After a year confined, while Shiva created and destroyed, the open road beckoned. The horizon open, the land infinite, and my mind seemed lotus-like, unbound. And Earth shared: sky, mountains, trees, deserts, meadows, and rivers. My soul replenished: hope glimmers.
Clockwise: Thunderstorm over Wheeler Peak, Taos, NM; waterfall at Whitney Portal, Lone Pine, CA; sentinel trees at Whitney Portal, Lone Pine, CA; monsoon over Mt. Langley, Lone Pine, CA; and the San Francisco Peaks from Bonita Meadow, Flagstaff, AZ. Watercolors by Robin L. Chandler, 2021.
Taos, New Mexico is a beautiful place. Imagine a warm summer evening sitting by a creek that rolls quietly to the river Rio Grande; you feel the magic of water in the desert. Water grants life; renews life. So precious is a life. My mind’s eye travels miles in seconds. Looking down from the bridge that crosses the narrow Rio Grande gorge, I toss a pinyon branch and I watch it travel through the canyon by the pueblos on it’s journey to Santa Fe; and then at Albuquerque where the river flattens and widens and water birds play along the shore; and on past El Paso where the river becomes the border between Texas and Mexico – a shallow river – a place of crossings for wild things – those beings naturally wild, we call free and others made wild by violence and fear, tired, poor and hungry seeking relief and asylum. Precious lives. There is no need for brick and mortar; we have built a wall of fear. An informative article in the April 23, 2018 New Yorker “A Voyage Along Trump’s Wall” sought to inspire discussion; discussion and compromise all seem so romantic now as we enter this the latest chapter of shock and awe.
Blessed am I able to freely sit and breathe and feel the special magic of a place. On this solstice day may the light shine and illuminate our way.
Happened upon the new Ry Cooder recording The Prodigal Son. It’s a good one. Keep thinking of the lyrics of his song Jesus and Woody inspired by Woody Guthrie’s song Jesus Christwhere Woody (writing in 1940) speculates modern capitalist society would kill Jesus too. Listen to Woody sing here on YouTube. Ry’s lyrics – singing from Jesus’ perspective – stick with me:
“so sing me a song ‘bout this land is your land’
and fascists bound to lose
you were a dreamer, Mr. Guthrie, and I was a dreamer too…..”

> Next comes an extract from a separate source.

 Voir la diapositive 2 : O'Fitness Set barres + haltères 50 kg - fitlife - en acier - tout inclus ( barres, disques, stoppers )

In the late Spring, when we vacationed on the Colorado Plateau, I discovered a book by Patricia Limerick called Desert Passages. Dr. Limerick describes the American encounter with deserts in terms of three attitudes towards nature “as a biological reality in human life…hunger, thirst, injury, disease and death….as an economic resource…a container of treasures awaiting extraction…or as an aesthetic spectacle. “ We affectionately called our trip the archaeology tour as we visited the ruins of the Ancient Pueblo Peoples at Wupatki, Monument Valley, Mesa Verde, and Canyon de Chelly. Wave and I spent many hours at the ruins in quiet meditation while I attempted to capture the essence of these amazing cultural resources on watercolor paper.
One of the great mysteries is what happened to the ancient peoples? Archaeological evidence reveals that sometime in the late 13th century these peoples abandoned their homes amongst the mesas and canyon walls and it is theorized that environmental changes — possibly extreme drought — caused these peoples to abandon their homes. One feels a certain twinge given the current state of drought in San Diego, Los Angeles and the rest of California, and of course the fire still burning in the San Gabriel mountains. It is believed that they left the Colorado Plateau and migrated to join other pueblos along the Rio Grande river in New Mexico. How would we best characterize the Ancient Pueblo peoples encounters with the desert? As a biological reality? Probably yes. As an economic resource? Probably yes. As an aesthetic spectacle? Probably yes. We preserve the artifacts they left us and look for answers in the patterns as we piece the pot shards together. Ann Weiler Walka’s poem “Other Dreams: Grand Gulch” in Waterlines: Journeys on a Desert Rivergives us something to ponder. “My thumb polishes the fragment of a bowl, its shallow curve delicately cross hatched with black…some woman dug this clay from a slip of mud…she kneaded the clay with sand and spun a ball into coils….she painted the bowl with a yucca leaf…and dreamed the design from her fingers…she blessed the bowl…that night in her sleep she saw clouds piling over a mesa, spirits coming home. She dreamed of the clay along the creek cool and slippery as a freshly opened heart.”